9. There is a third meaning to the phrase “Draw near to God”; it is used in the sense of enjoying communion with God. There are some here who do not understand what I mean by communion with God; they are completely puzzled by the very simple language of the apostle John, “Truly our fellowship is with the Father, and with his Son Jesus Christ.” There are hundreds and thousands of people, constantly attending church or chapel, who do not know the meaning of the word “communion.” If you were to ask them what they understand by it, they would probably say that it means eating a piece of bread and drinking a little wine at the Lord’s supper. And more than that, if they were to ask me to explain to them what true spiritual communion with God means, I should probably fail to make them comprehend it; yet you who, by grace, have been enabled to drink from these cooling streams, know well what that communion means. Some of you, who have been the most deeply taught by the Spirit, could sing through the whole Song of Solomon, and see, your Beloved in it all, while to others it is only an Eastern love-song which is to them quite incomprehensible. You know Christ, not only by faith, but by a kind of second sense which makes him very real to you. You have drawn near to Christ, and talked with him; and he has drawn near to you, and talked with you, and he has been nearer to you and dearer to you than any earthly friend has ever been. Oh, what joy believers know when they experience Christ’s presence, when his left hand is under their heads, and his right hand embraces them! Speak of heaven,—such communion is heaven begun below. When heaven’s gates are opened wide, and the celestial sunshine comes streaming through, it falls on the eyes that have been illuminated by the Holy Spirit; that is true spiritual communion, and the glorified spirits above only know that bliss to the full in knowing God, and rejoicing in the glory of God in the face of Jesus Christ.

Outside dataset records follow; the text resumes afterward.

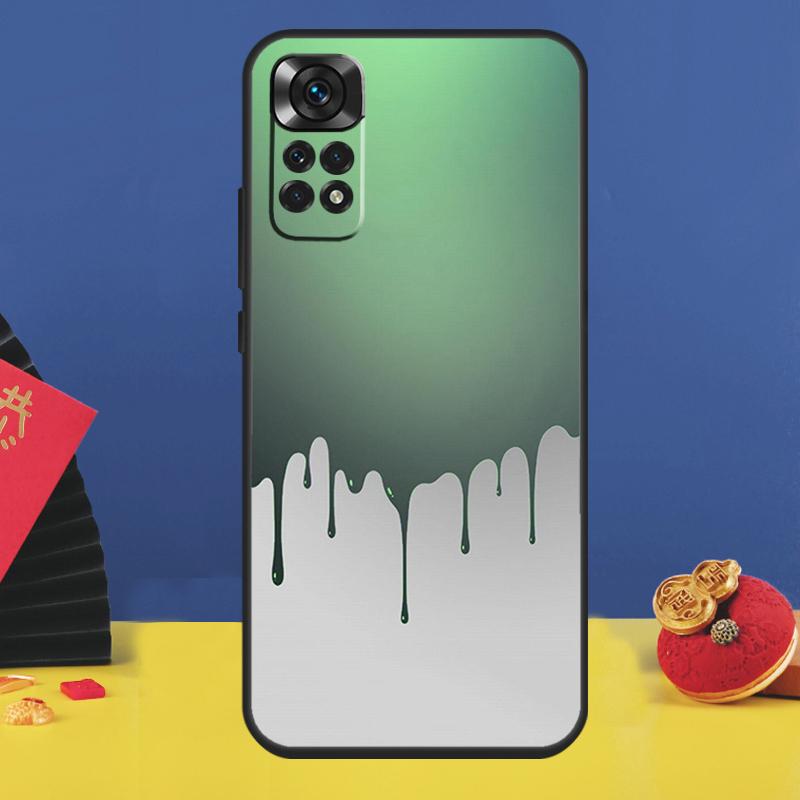Drip Art Aesthetic Case For Xiaomi Redmi Note 11 9 10 12 13 14 15 Pro Plus Redmi 15 14C 10C 12C 13C 15C Cover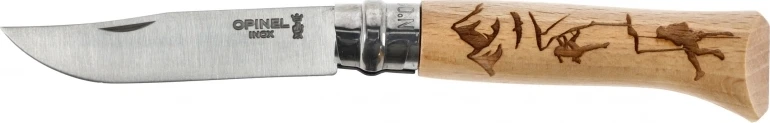 Peilis Opinel 08 Sport Climbing lizdinėje pakuotėje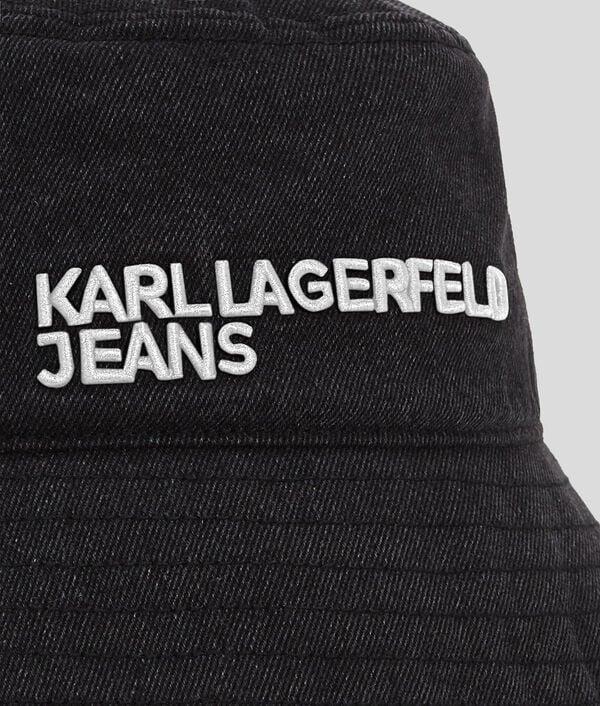 Karl Lagerfeld DENIM BUCKET HAT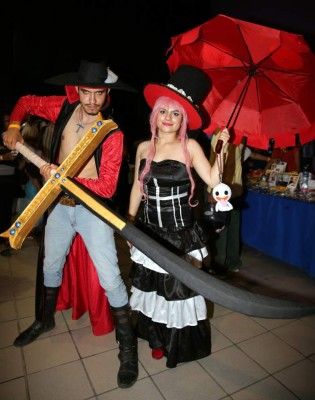 Una jornada de diversión se vivió en la edición 2017 del Fancon en Honduras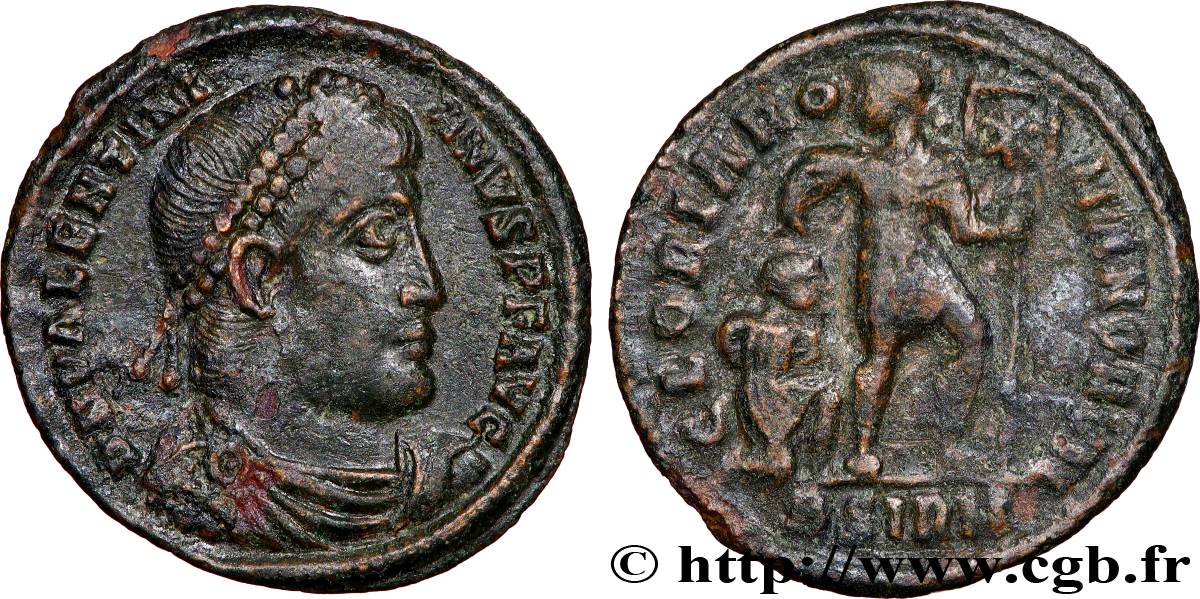 VALENTINIAN I Nummus AU/XF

10. Perhaps, my dear brother, you have been reading Rutherford’s letters, and you have said to yourself, “Alas! I cannot hope to enjoy such communion with Christ as Rutherford enjoyed.” But why should you not? Read our text again: “Draw near to God, and he will draw near to you.” You, my dear sister, may have read the life of Madame Guyon, {a} and you have said, “What an angel in human form that woman must have been!” But if you draw near to God, you may have as much love for Christ as she had, and you may enjoy as much fellowship with Christ as she had, for “he will draw near to you.” You have envied Mary because she sat at Jesus’ feet, or you have wished that you had been John, to lean your head on your Master’s bosom; well, you may do both these things in a spiritual sense, and that is better than the carnal. “Draw near to God, and he will draw near to you.” To you, even to you, the very feeblest of those who resist the devil, God will draw near if you draw near to him.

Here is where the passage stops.